*INSTRUCTIONS FOR THE TASK*.
Everything in the entries except the pictures should be repeated exactly.

----

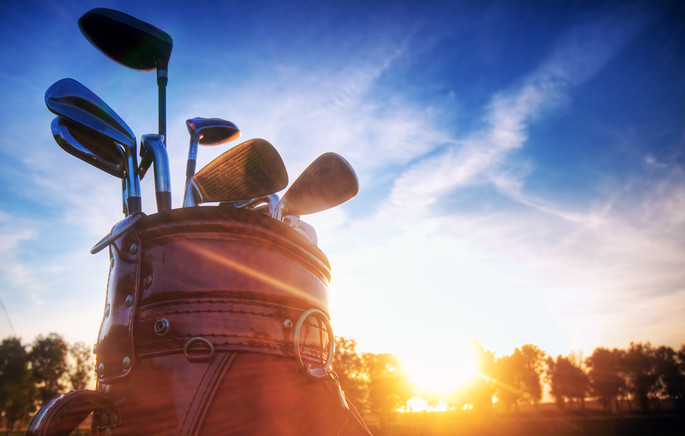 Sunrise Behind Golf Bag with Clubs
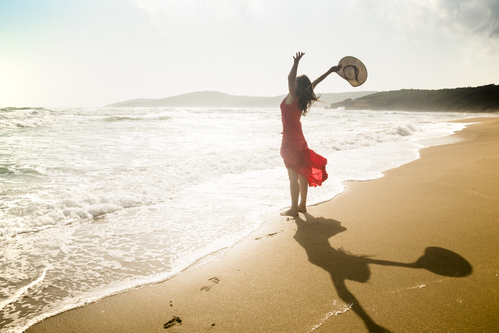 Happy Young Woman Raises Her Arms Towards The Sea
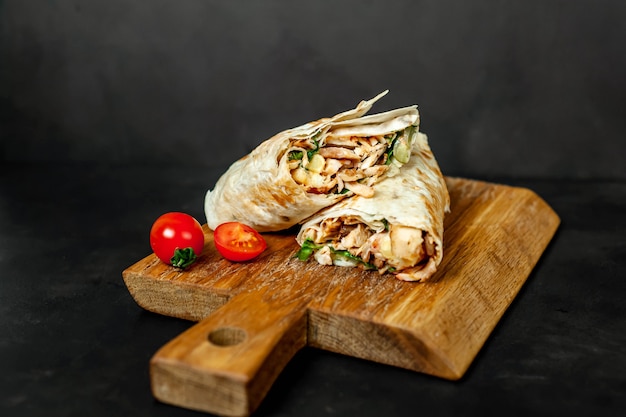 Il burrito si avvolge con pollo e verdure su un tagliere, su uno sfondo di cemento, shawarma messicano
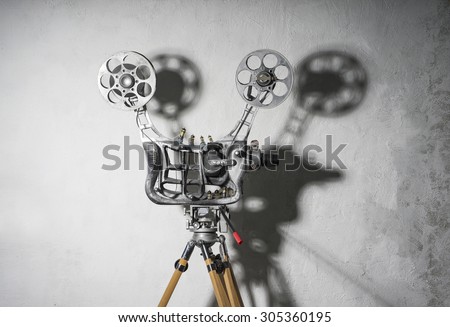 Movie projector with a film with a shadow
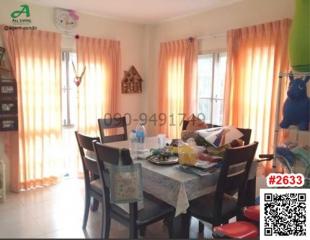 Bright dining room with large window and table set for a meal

----

*TASK SOLUTION*.
 Sunrise Behind Golf Bag with Clubs
 Happy Young Woman Raises Her Arms Towards The Sea
 Il burrito si avvolge con pollo e verdure su un tagliere, su uno sfondo di cemento, shawarma messicano
 Movie projector with a film with a shadow
 Bright dining room with large window and table set for a meal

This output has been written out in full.